La sala stampa vaticana ha reso noto che il Santo Padre, come atto conclusivo del Giubileo, domani pubblicherà una lettera apostolica intitolata “Misericordia et Misera”. Il documento, che sarà presentato da monsignor Rino Fisichella, presidente del Pontificio consiglio per la promozione della nuova evangelizzazione, prende spunto dal commento di Sant’Agostino sull’episodio evangelico dell’incontro tra Gesù e l’adultera. Infatti, l’illustre dottore della Chiesa, spiegando l’allontanamento di scribi e farisei dallo scenario della lapidazione, ha scritto: “Rimasero in due, la misera e la misericordia”. Anche l’Anno Santo del 2000 indetto da Karol Wojtyla era stato chiuso con una lettera apostolica dal tema “Novo millennio ineunte”. Il Giubileo della Misericordia, che ha visto la presenza contemporanea di due Papi e oltre venti milioni di pellegrini convenuti a Roma, passerà alla storia per le tante novità introdotte.

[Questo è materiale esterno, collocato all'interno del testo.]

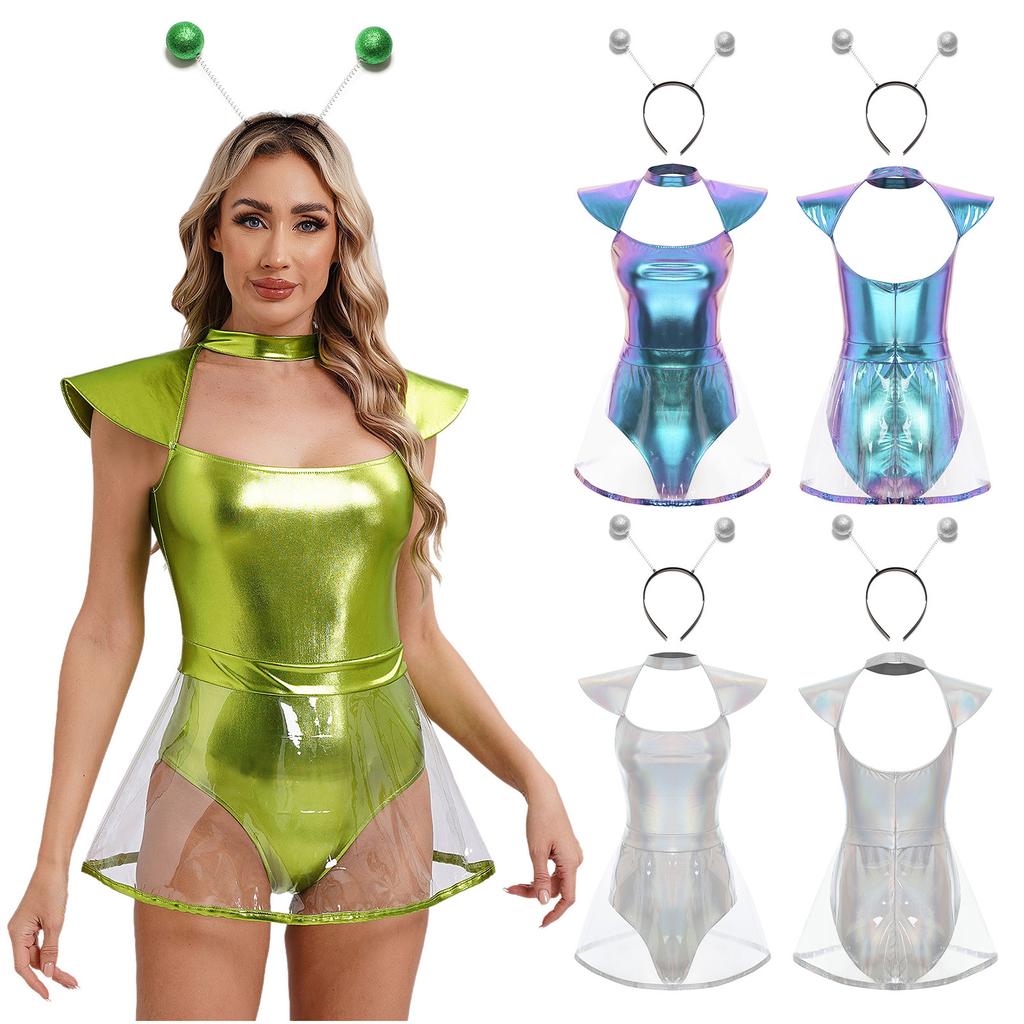 Womens Space Alien Cosplay Costume Fly Sleeve Cutout Briefs Bottom One Piece Bodysuit with PVC Skirt Hair Hoop Headband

“Non ho fatto un piano – ha ammesso candidamente il successore di Pietro –. Le cose sono venute. Semplicemente mi sono lasciato andare allo Spirito. La Chiesa è il Vangelo, non è un cammino di idee”. Tra le iniziative più rivoluzionarie le innumerevoli Porte Sante che si sono aperte ovunque, nelle singole diocesi, e anche in luoghi diversi dalle cattedrali. Come quelle situate in due strutture di accoglienza della capitale: l’Ostello don Luigi Di Liegro – nei pressi della stazione Termini – e la Mensa San Giovanni Paolo II in via Marsala. Altri elementi distintivi e caratterizzanti di questo Giubileo sono stati i gesti che Papa Francesco ha compiuto nei “venerdì della misericordia”: dall’incontro coi profughi nell’isola di Lesbo a quello coi neonati del Reparto di neonatologia; dai momenti vissuti con malati, disabili e anziani a quelli con le ragazze liberate dalla schiavitù della prostituzione che ho avuto la gioia di accompagnare; dalla visita ai giovani della comunità terapeutica all’abbraccio con i sacerdoti che hanno lasciato il ministero.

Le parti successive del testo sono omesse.